Keynes, by contrast, saw no such essential unity between savings and investment. In The General Theory he wrote that the “decisions which determine Saving and Investment respectively are taken by two different sets of people influenced by different sets of motives, each not paying very much attention to the other”.
It was possible, Keynes argued, that investors driven by mercurial “animal spirits” could become so pessimistic that the Marginal Efficiency of Capital (the expected return on their investment) could plunge below the interest rate (the cost of funding that investment) so that no investment would take place. The Marginal Efficiency of Capital could, indeed, sink so low that nominal interest rates couldn’t offset it, giving rise to the ‘liquidity trap’ and monetary impotence. Marshall’s link would be broken and aggregate demand would fall.

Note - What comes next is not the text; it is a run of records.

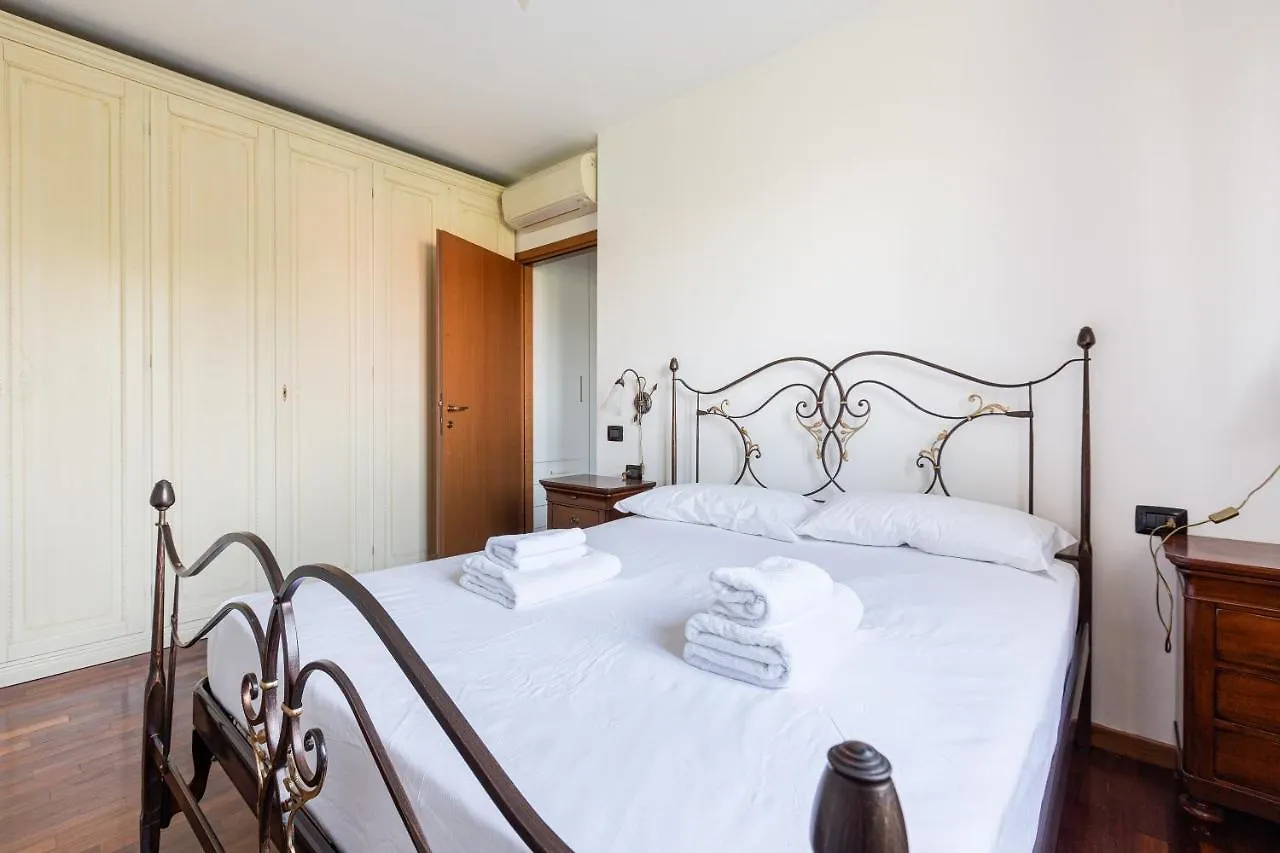 Apartment With Balcony Nearby M3 Subway Yellow Line Milano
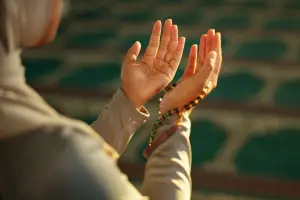 Muslim woman's hands with beads
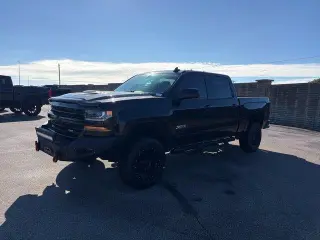 Chevrolet Silverado 1500 2018 4x4 LT 4p. Cabina de Tripulación 5.8 ft. CB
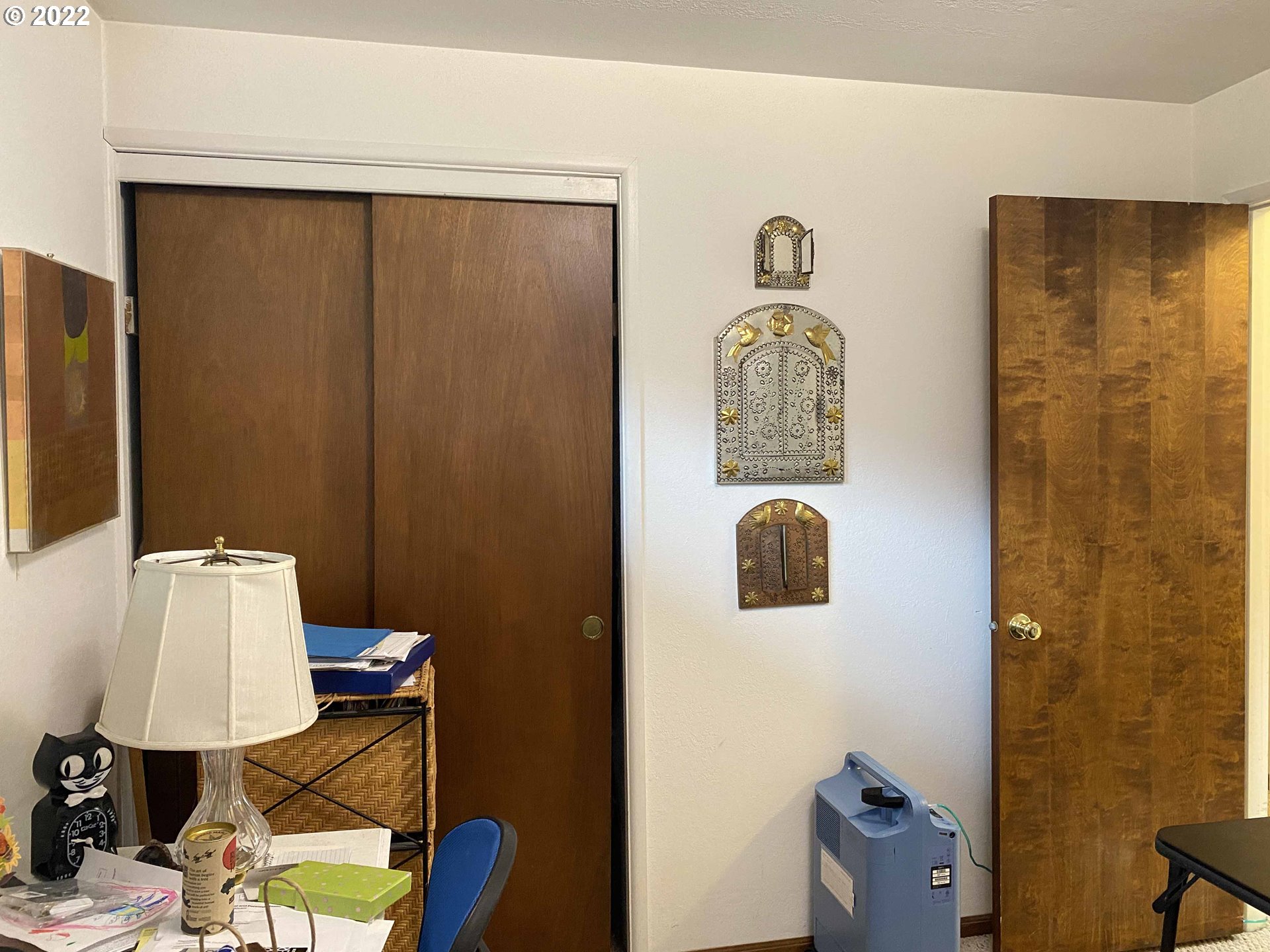 2222 11th Street Florence, OR 97439 - Photo 16 of 32 a bathroom with a sink toilet and mirror
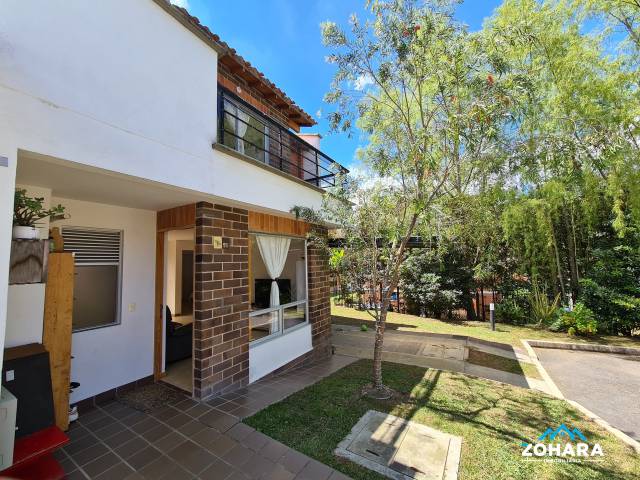 Casa de dos plantas en Venta. Urbanización Santa Ana. Retiro, Antioquia.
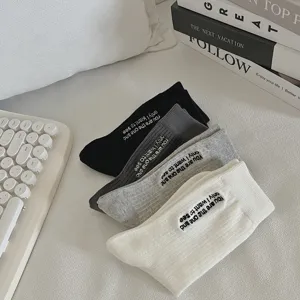 Calzini medi cotone donna con ricamo lettere, sport casual quotidiano, autunno inverno.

For Keynes, the way to guarantee the continued investment which not only guaranteed aggregate demand in the present but also increased prosperity in the future, was for the government to underwrite the profitability of investment by acting as spender of last resort, via fiscal stimulus, to prop up the Marginal Efficiency of Capital.
This was the polar opposite of the Classical view. Whereas Keynes believed that spending made you rich enough to save, the Classicals believed that saving made you rich enough to spend. Though Keynes would have agreed with the father of the Classicals, Adam Smith, that “Consumption is the sole end and purpose of all production”, they took totally different routes to get there.
This stems from a striking difference in attitudes to saving. Adam Smith, anticipating Marshall, wrote, “What is annually saved is as regularly consumed as what is annually spent, and nearly in the same time too; but it is consumed by a different set of people…by labourers, manufacturers, and artificers”. Keynes, by contrast, said that “whenever you save five shillings, you put a man out of work for a day”.
Is it Smith or Keynes’s attitude towards consumption and saving which animates western policymakers today? Since 2008 we are supposed to have seen ‘The Return of the Master’. In truth he never went away. We’ve been living in the Age of Keynes for decades.